Ser original y además extraer de la vida todas sus posibilidades son dos excelentes disposiciones que todos debiéramos ensayar. Pero como en los casos anteriores, igual que en otros muchos, el plan no siempre sale bien. En ocasiones, la ambición –o la necesidad- de lograr un poco más, de llegar solo unos pasos más allá y ver qué hay, siempre sin red, se convierte en una opción demasiado temeraria; con frecuencia, resulta ser la última de las decisiones que se toman.

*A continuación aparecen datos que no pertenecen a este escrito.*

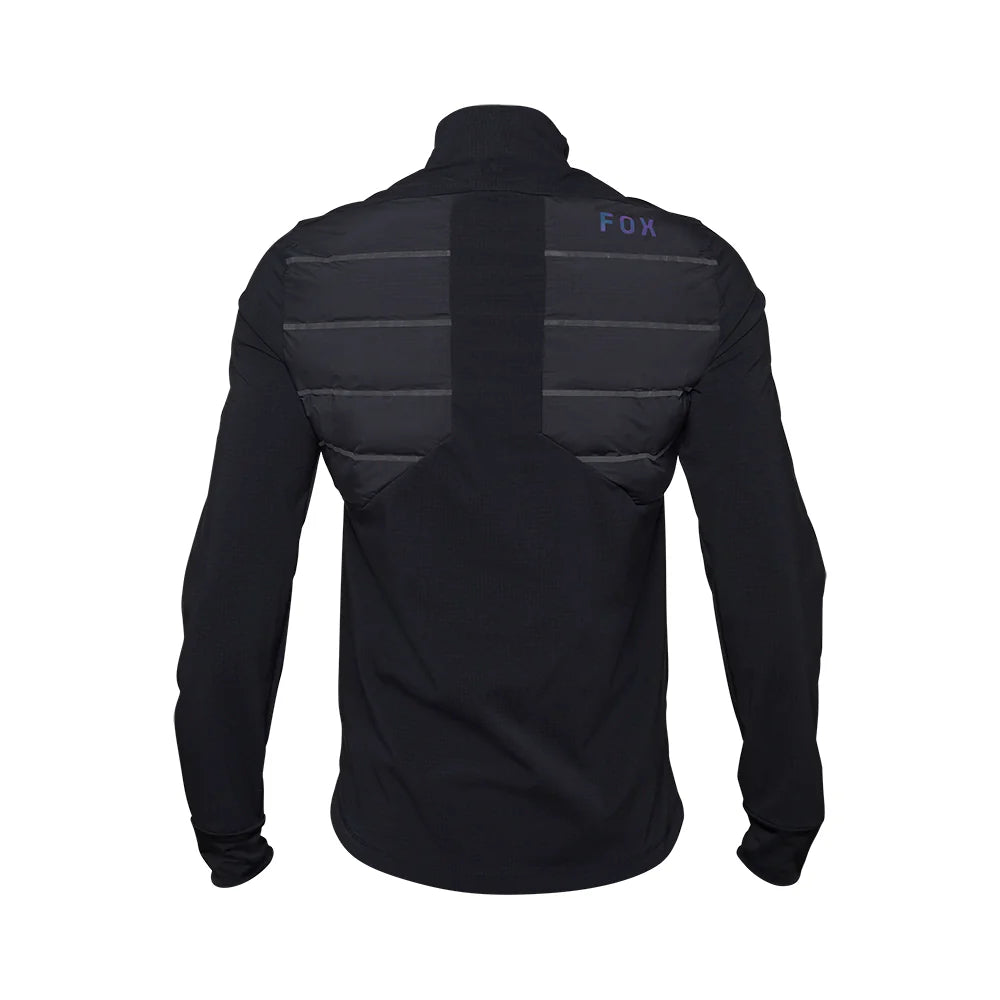 Fox Racing Flexair Fire Hybrid Cycling Jacket - Lunar - Black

Sin embargo, si uno se queda cerca pero no coge ese último atajo, o no lo hace demasiadas veces, entonces todo va bien. O, al menos, se puede alargar la biografía suficientemente. Como Ray Davies, el líder de The Kinks, quien flirteó como pocos lo han hecho con los excesos. Y salió victorioso.
El creador de Lola resucitó tras una sobredosis después de un concierto, sobrevivió a que le dispararan y le destrozaran sus mejores pantalones –unos marrones de pana, precisó-, e incluso superó un intento de suicidio. Pero a pesar de su turbulenta relación con su hermano –co-líder en The Kinks- y su no menos tormentosa relación con las mujeres, entre ellas Chrissie Hynde, Davies logró otear el final y gatear después hacia fuera de la iniciativa de tirarse al vacío. Posiblemente, solo un segundo antes de hacerlo. Sin embargo, su retirada resultó demasiado tardía: su organismo y su mente ya habían sufrido mucho.
Los límites resultan engañosos, y a menudo se mueven de un lugar a otro. No es fácil perseverar en la búsqueda de la máxima felicidad y detenerte siempre a tiempo, como si fuera una partida de las siete y media, plantándote cuando sabes que vas a ganar, en el preciso instante anterior a que vueles por los aires, sin posibilidad alguna de redención.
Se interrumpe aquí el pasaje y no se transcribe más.